▶ [DIRECTIONS]
Print verbatim the lines from the beginning of the entries through the line containing "إيفو لوديرم 4", both ends included. Pictures should be left out.

Start of DATA FOR THIS EXERCISE

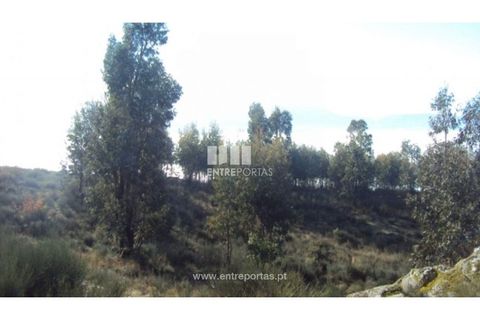 Helårsgrund i Ancede e Ribadouro, Porto, Ancede e Ribadouro - € 57.000 | Ref: MC04590 - foto 9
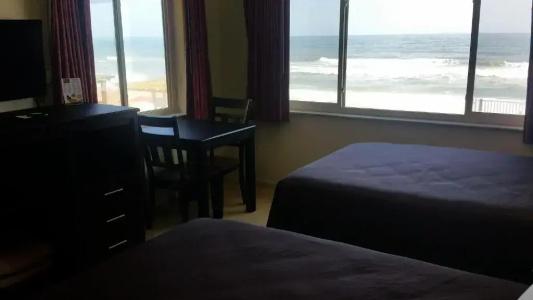 Driftwood Beach - 133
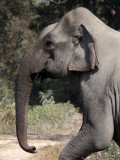 ELEPHANT - ASIAN ELEPHANT - KAZIRANGA NATIONAL PARK ASSAM INDIA (18).JPG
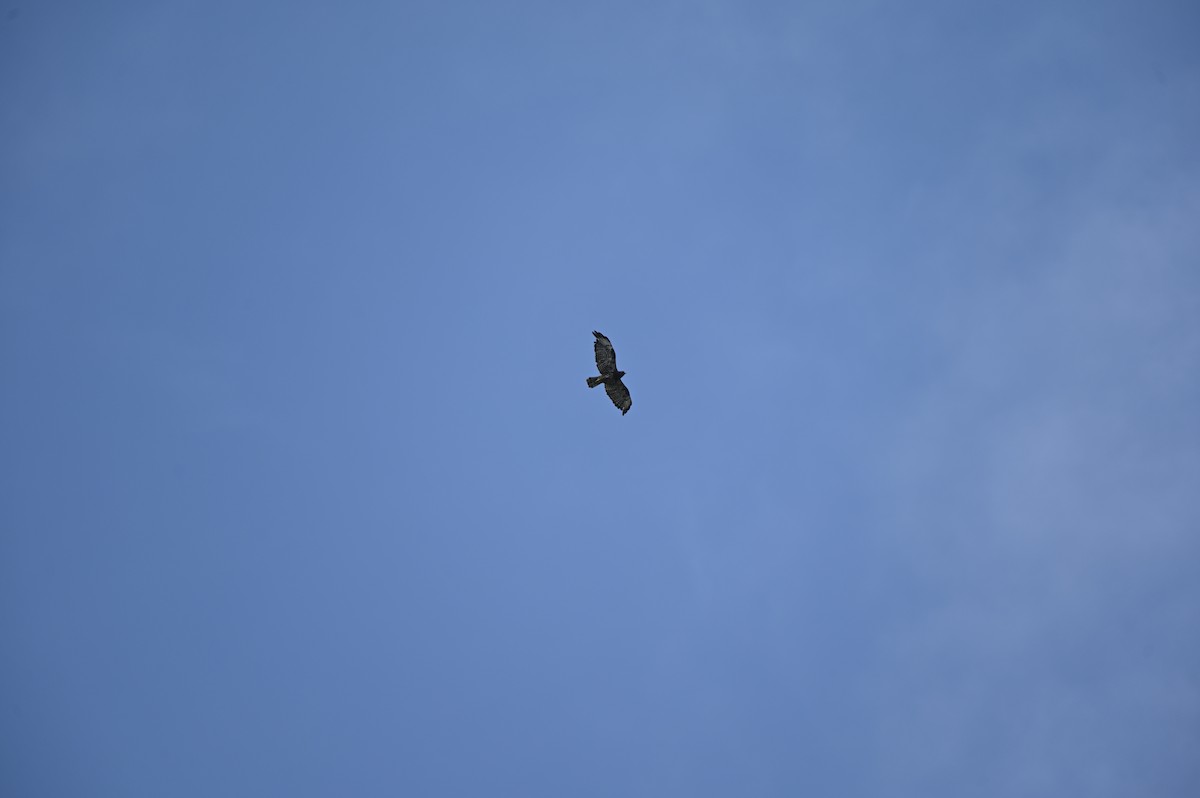 Short-tailed Hawk - ML637539540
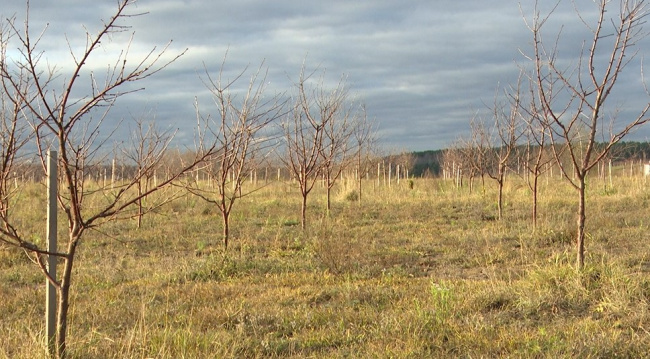 Победа коломенского вишнёвого хозяйства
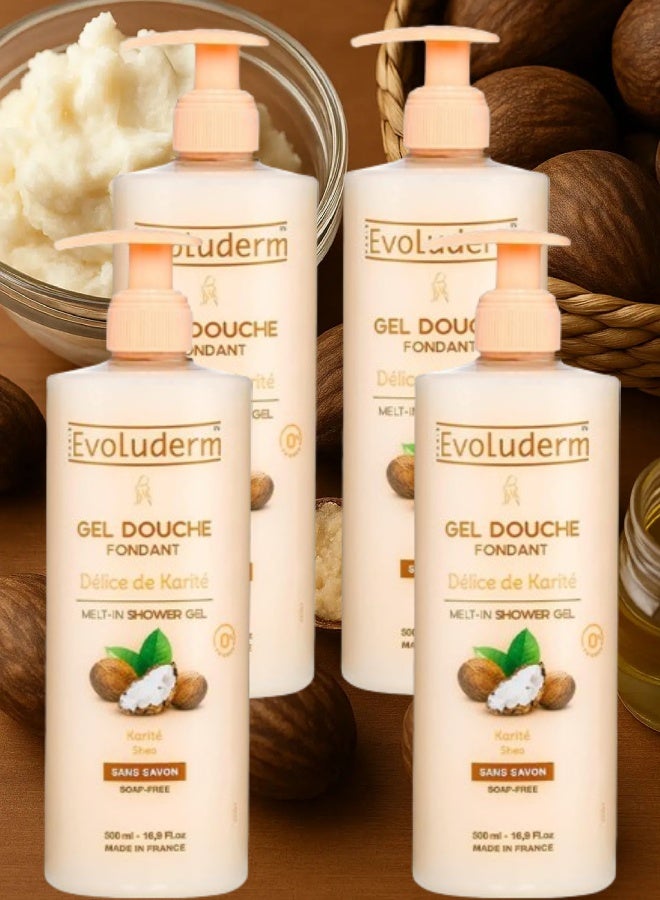 إيفو لوديرم 4 قطع جل الاستحمام إيفولوديرم ديلايت بزبدة الشيا 500مل - Image 1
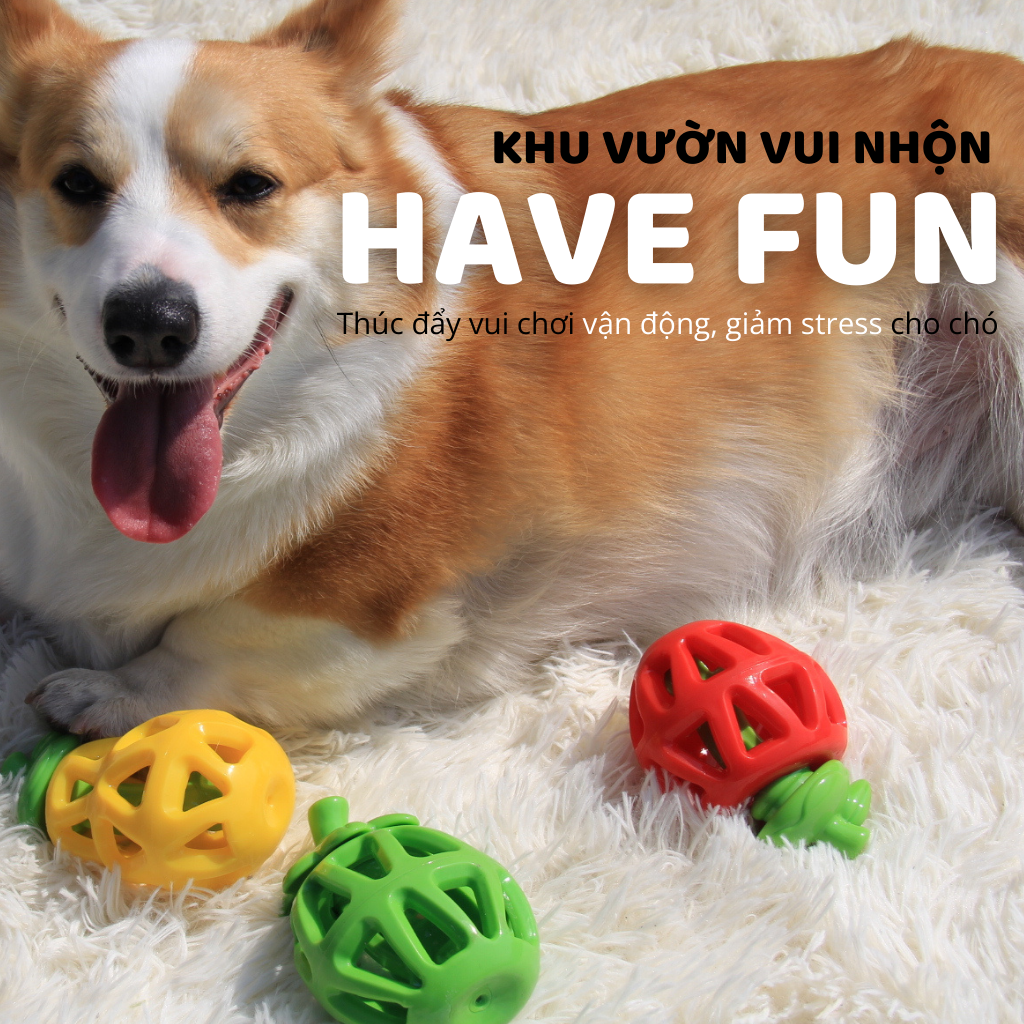 Đồ Chơi Fofos Rớt Thức Ăn Hình Trái Cây Chó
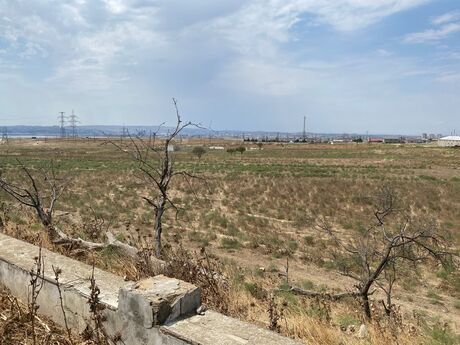 Объявление №6039217 - Баку, пос. Мамедли, 250 сот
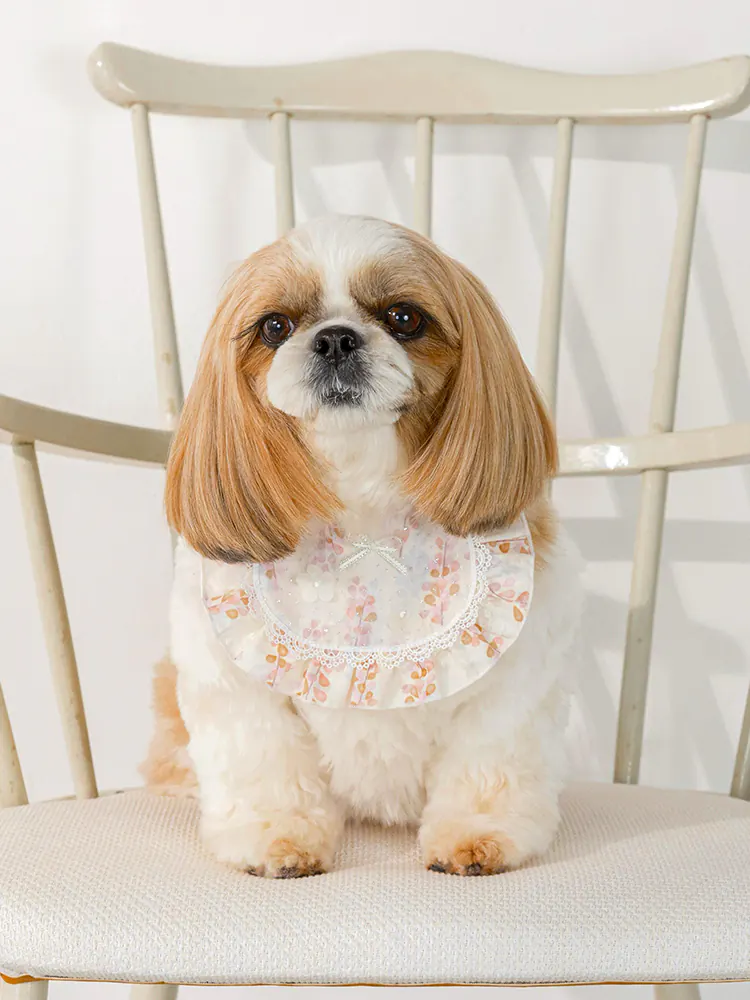 Pet Accessory · UT252031 product view 4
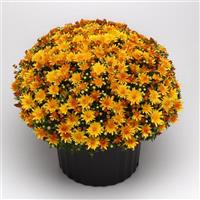 Cracklin Golden Yellow Mum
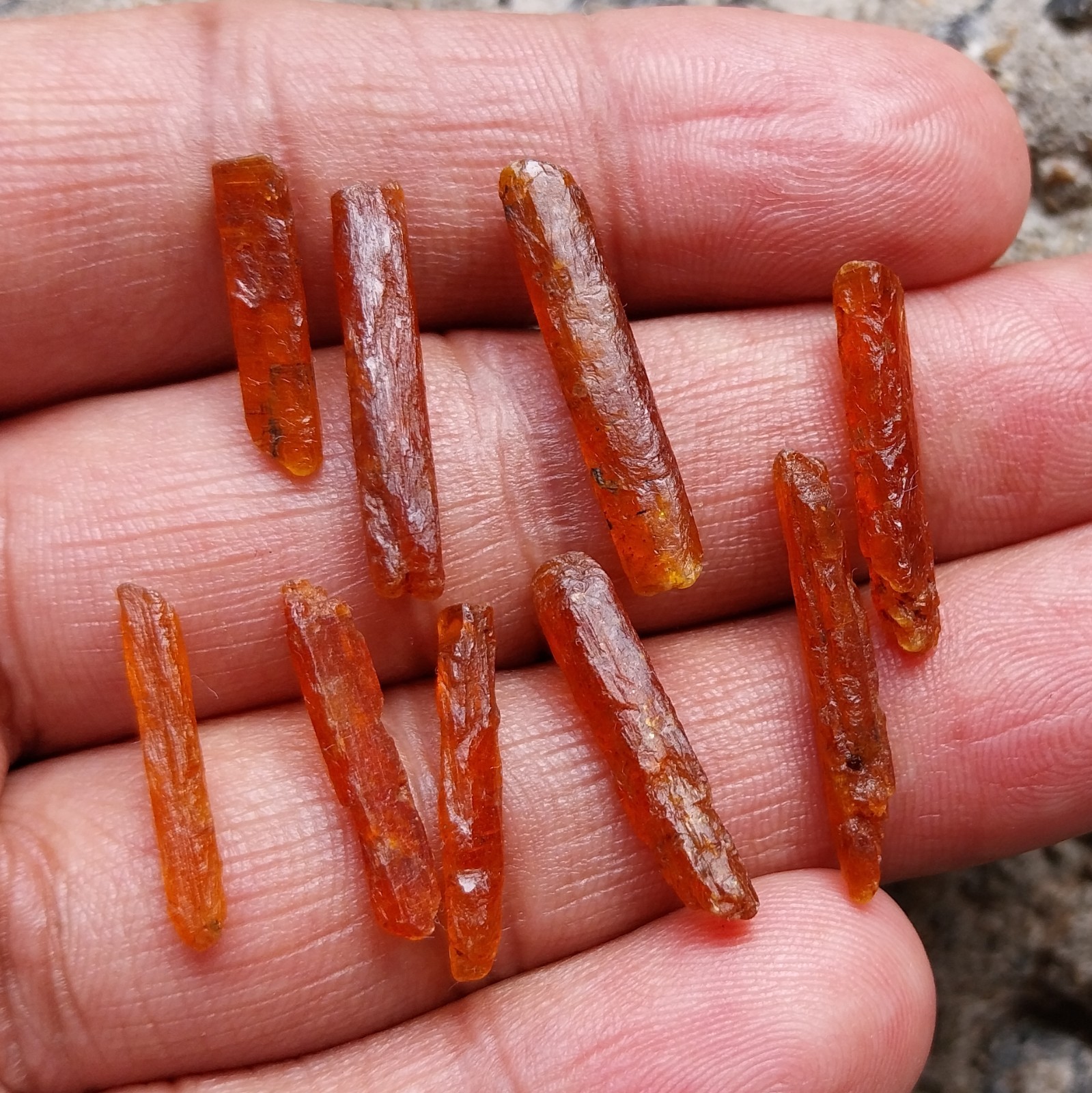 31 Carat 17 to 35 MM Natural Orange Kyanite Crystal Raw Rough Pencil 9 Piece Lot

End of DATA FOR THIS EXERCISE

▶ [EXERCISE OUTPUT]
 Helårsgrund i Ancede e Ribadouro, Porto, Ancede e Ribadouro - € 57.000 | Ref: MC04590 - foto 9
 Driftwood Beach - 133
 ELEPHANT - ASIAN ELEPHANT - KAZIRANGA NATIONAL PARK ASSAM INDIA (18).JPG
 Short-tailed Hawk - ML637539540
 Победа коломенского вишнёвого хозяйства
 إيفو لوديرم 4 قطع جل الاستحمام إيفولوديرم ديلايت بزبدة الشيا 500مل - Image 1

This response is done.